PROVIDED INFORMATION ->
□ □ □ □ □
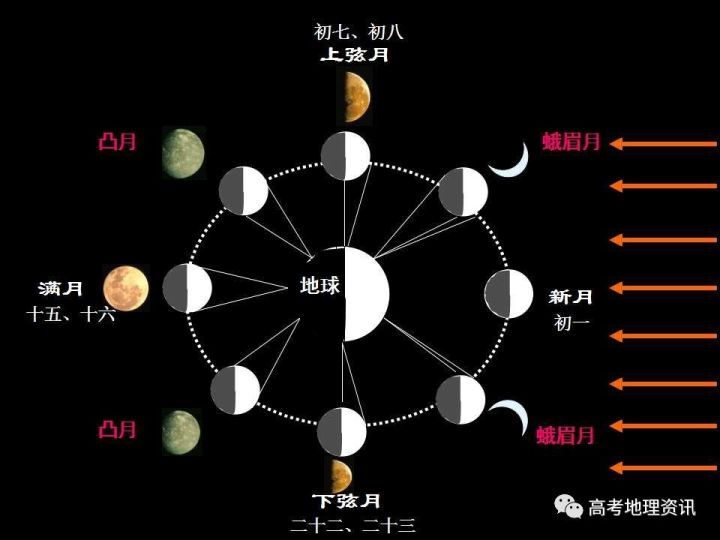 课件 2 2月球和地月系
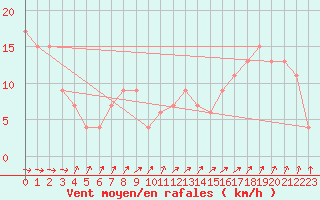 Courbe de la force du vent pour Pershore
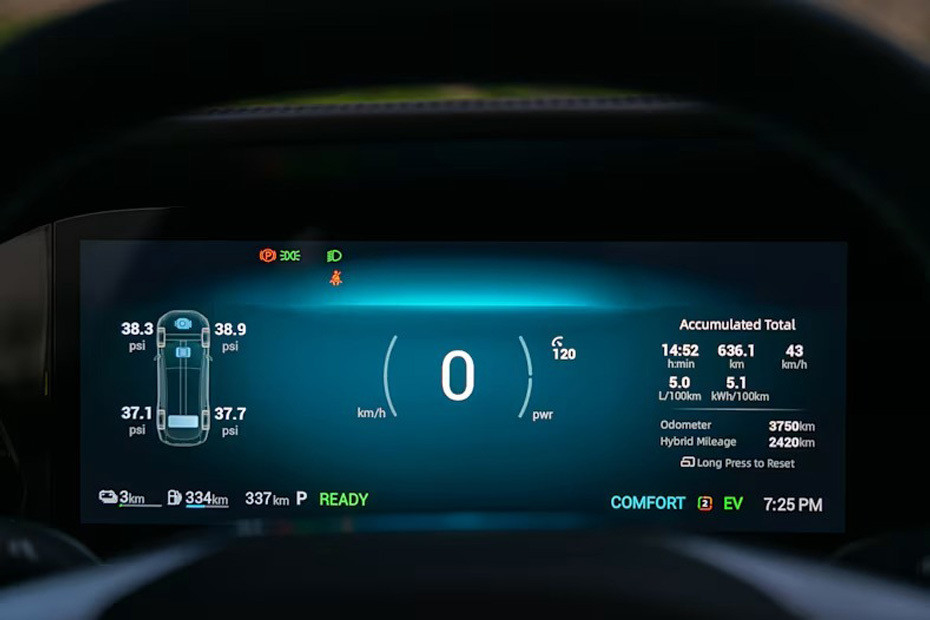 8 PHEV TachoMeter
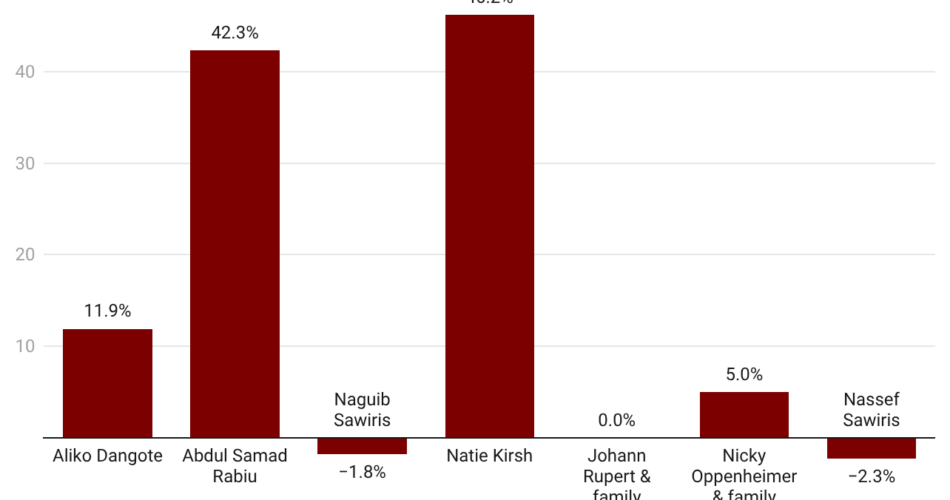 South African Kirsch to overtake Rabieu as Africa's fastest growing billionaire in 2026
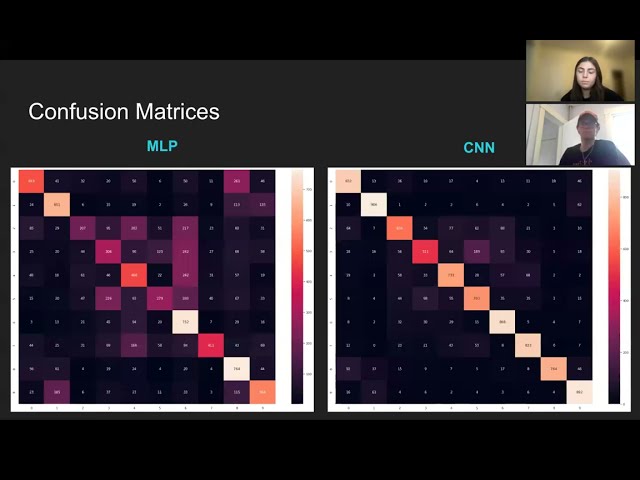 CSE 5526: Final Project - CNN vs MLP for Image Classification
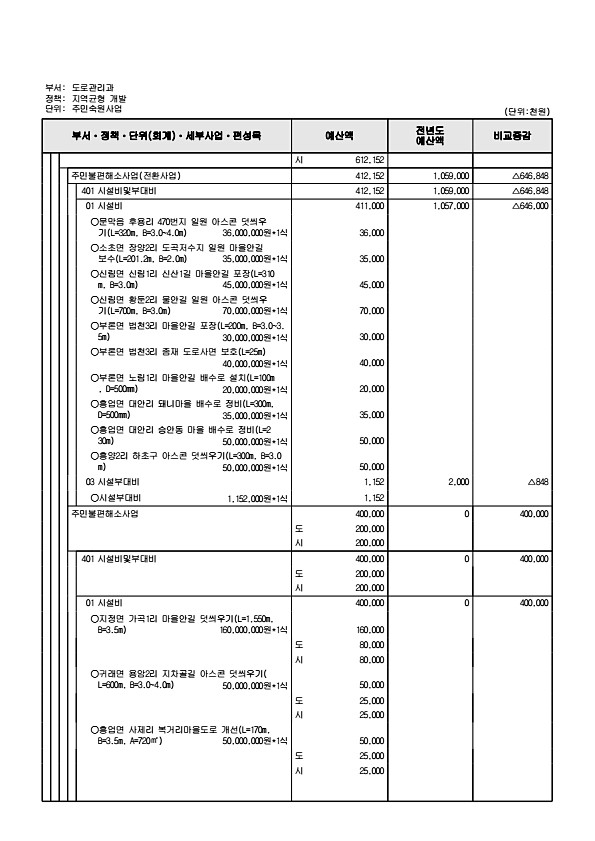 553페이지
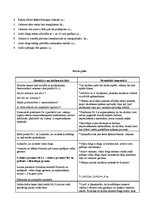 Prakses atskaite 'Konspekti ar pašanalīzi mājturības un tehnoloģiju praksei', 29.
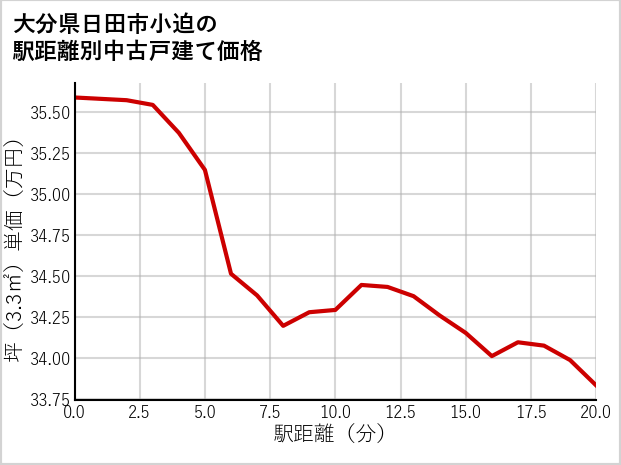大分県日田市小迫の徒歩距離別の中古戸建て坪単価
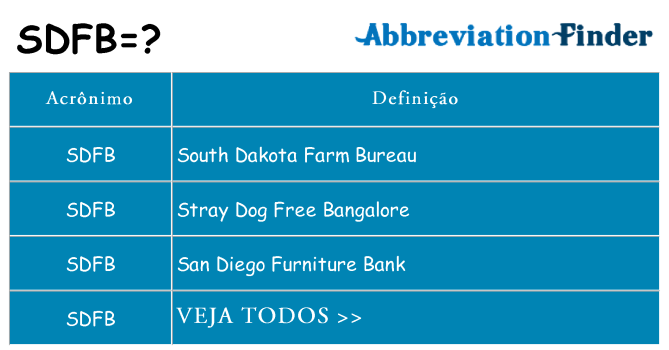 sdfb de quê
□ □ □ □ □
Reproduce the full listing faithfully, but do not carry over any pictures.

 课件 2 2月球和地月系
 Courbe de la force du vent pour Pershore
 8 PHEV TachoMeter
 South African Kirsch to overtake Rabieu as Africa's fastest growing billionaire in 2026
 CSE 5526: Final Project - CNN vs MLP for Image Classification
 553페이지
 Prakses atskaite 'Konspekti ar pašanalīzi mājturības un tehnoloģiju praksei', 29.
大分県日田市小迫の徒歩距離別の中古戸建て坪単価
 sdfb de quê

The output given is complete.